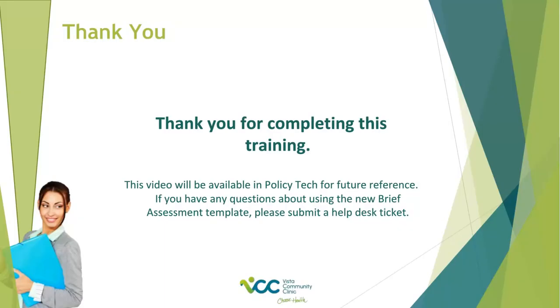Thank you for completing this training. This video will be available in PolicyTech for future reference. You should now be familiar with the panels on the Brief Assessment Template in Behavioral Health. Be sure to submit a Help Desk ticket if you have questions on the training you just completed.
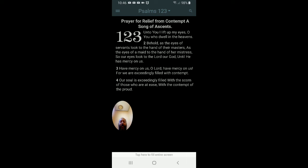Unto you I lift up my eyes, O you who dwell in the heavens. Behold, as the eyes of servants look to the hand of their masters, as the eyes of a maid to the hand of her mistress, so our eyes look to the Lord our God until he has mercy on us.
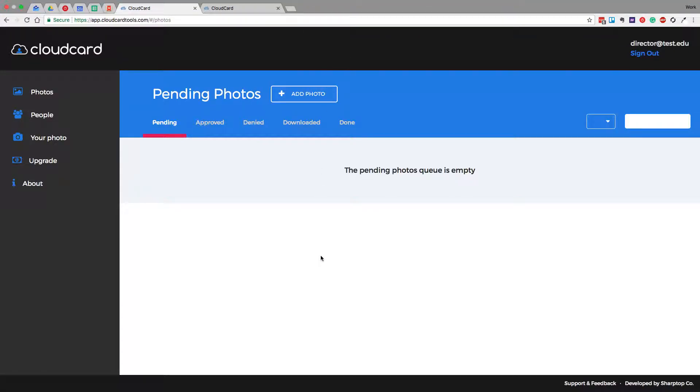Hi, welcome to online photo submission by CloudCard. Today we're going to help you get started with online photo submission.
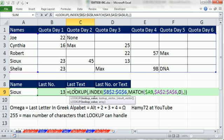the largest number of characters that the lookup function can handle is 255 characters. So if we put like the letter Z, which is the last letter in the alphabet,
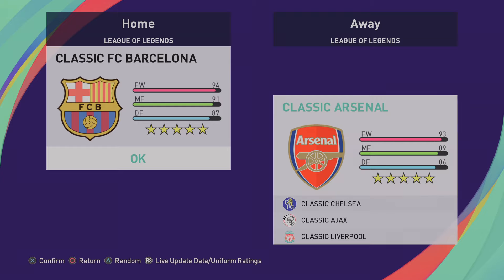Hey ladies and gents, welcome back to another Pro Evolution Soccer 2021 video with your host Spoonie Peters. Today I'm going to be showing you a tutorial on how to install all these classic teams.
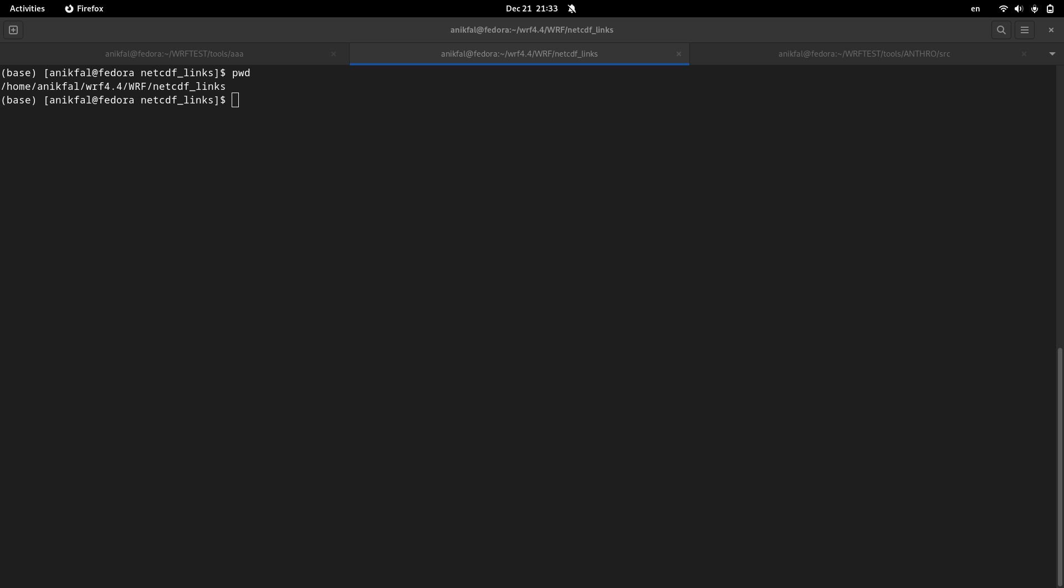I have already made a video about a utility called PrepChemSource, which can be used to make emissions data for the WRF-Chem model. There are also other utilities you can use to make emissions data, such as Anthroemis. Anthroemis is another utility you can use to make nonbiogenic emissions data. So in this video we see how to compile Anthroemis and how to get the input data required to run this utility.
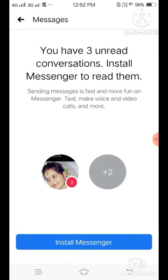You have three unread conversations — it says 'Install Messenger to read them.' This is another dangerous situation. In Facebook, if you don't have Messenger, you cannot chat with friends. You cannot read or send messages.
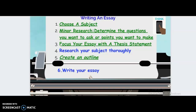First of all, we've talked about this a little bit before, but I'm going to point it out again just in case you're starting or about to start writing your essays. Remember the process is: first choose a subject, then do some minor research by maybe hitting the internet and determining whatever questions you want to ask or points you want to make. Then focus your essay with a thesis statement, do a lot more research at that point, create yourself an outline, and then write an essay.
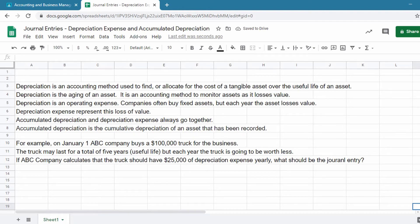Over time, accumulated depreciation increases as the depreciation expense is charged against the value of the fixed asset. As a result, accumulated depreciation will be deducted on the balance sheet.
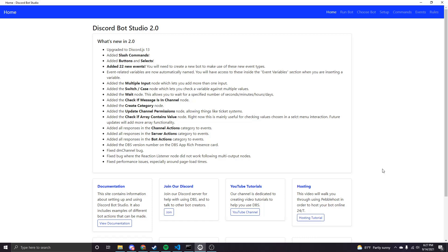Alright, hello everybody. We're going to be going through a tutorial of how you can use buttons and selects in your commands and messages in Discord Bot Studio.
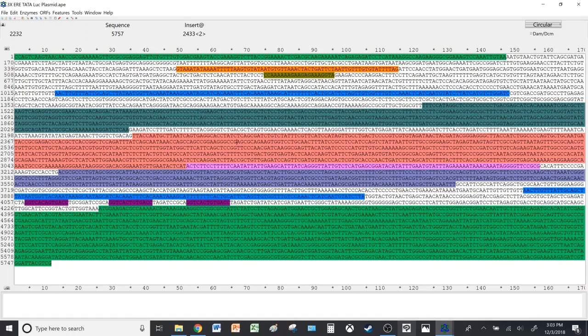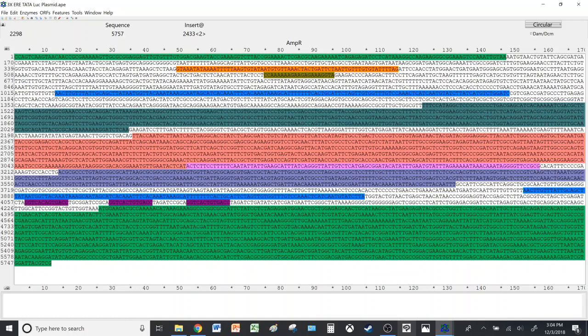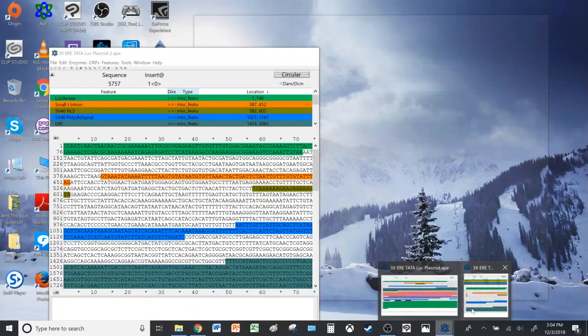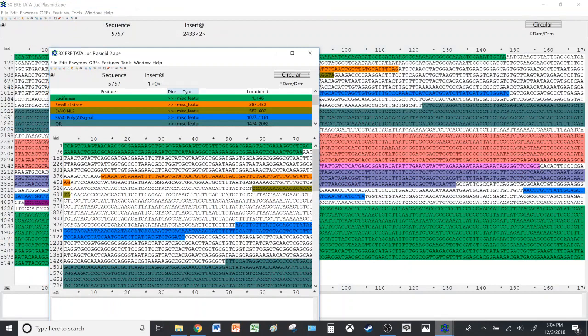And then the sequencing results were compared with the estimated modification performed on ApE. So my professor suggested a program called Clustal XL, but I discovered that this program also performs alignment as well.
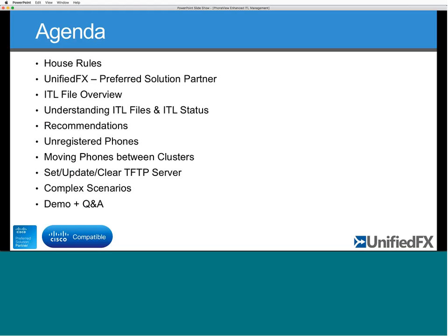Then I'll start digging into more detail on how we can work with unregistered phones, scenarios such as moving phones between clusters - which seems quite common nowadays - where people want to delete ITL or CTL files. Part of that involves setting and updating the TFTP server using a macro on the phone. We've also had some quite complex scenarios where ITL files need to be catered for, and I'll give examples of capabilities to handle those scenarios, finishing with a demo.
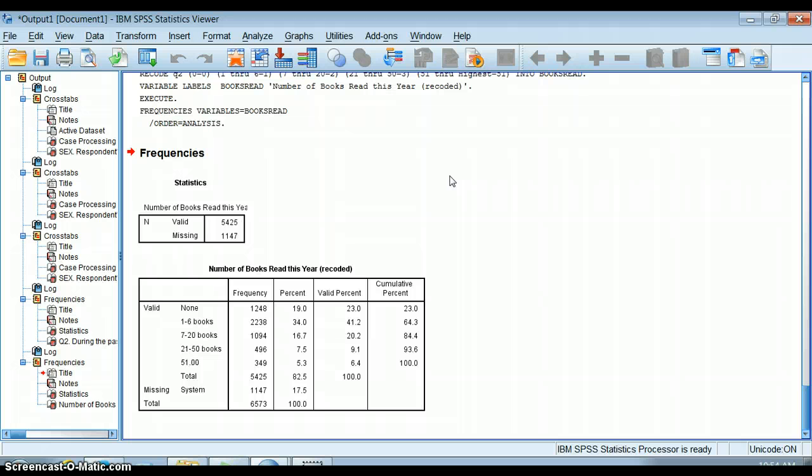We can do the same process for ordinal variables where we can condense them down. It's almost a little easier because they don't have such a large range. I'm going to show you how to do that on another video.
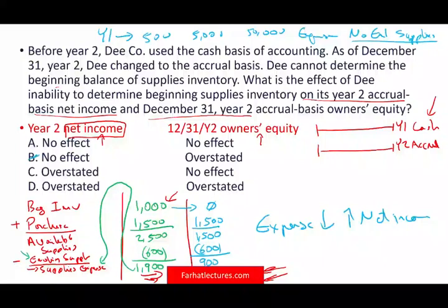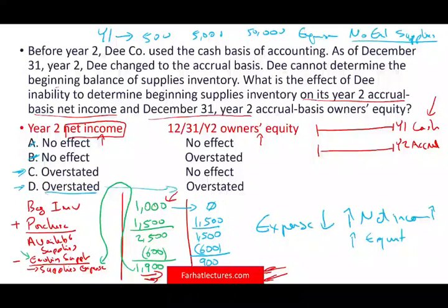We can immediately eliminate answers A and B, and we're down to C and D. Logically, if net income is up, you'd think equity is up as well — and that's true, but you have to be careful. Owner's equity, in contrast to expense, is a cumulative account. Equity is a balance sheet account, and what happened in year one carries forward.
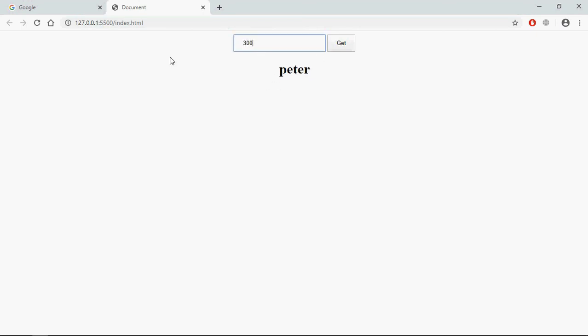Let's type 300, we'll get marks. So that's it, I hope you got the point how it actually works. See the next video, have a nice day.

-----

:: Action item ::
What you write out is the stretch of entries from the line containing "Hey ladies and" to the line containing "Over time, accumulated", word for word, with both end lines and no pictures.

:: Reply to the exercise ::
Hey ladies and gents, welcome back to another Pro Evolution Soccer 2021 video with your host Spoonie Peters. Today I'm going to be showing you a tutorial on how to install all these classic teams.
I have already made a video about a utility called PrepChemSource, which can be used to make emissions data for the WRF-Chem model. There are also other utilities you can use to make emissions data, such as Anthroemis. Anthroemis is another utility you can use to make nonbiogenic emissions data. So in this video we see how to compile Anthroemis and how to get the input data required to run this utility.
You have three unread conversations — it says 'Install Messenger to read them.' This is another dangerous situation. In Facebook, if you don't have Messenger, you cannot chat with friends. You cannot read or send messages.
First of all, we've talked about this a little bit before, but I'm going to point it out again just in case you're starting or about to start writing your essays. Remember the process is: first choose a subject, then do some minor research by maybe hitting the internet and determining whatever questions you want to ask or points you want to make. Then focus your essay with a thesis statement, do a lot more research at that point, create yourself an outline, and then write an essay.
Over time, accumulated depreciation increases as the depreciation expense is charged against the value of the fixed asset. As a result, accumulated depreciation will be deducted on the balance sheet.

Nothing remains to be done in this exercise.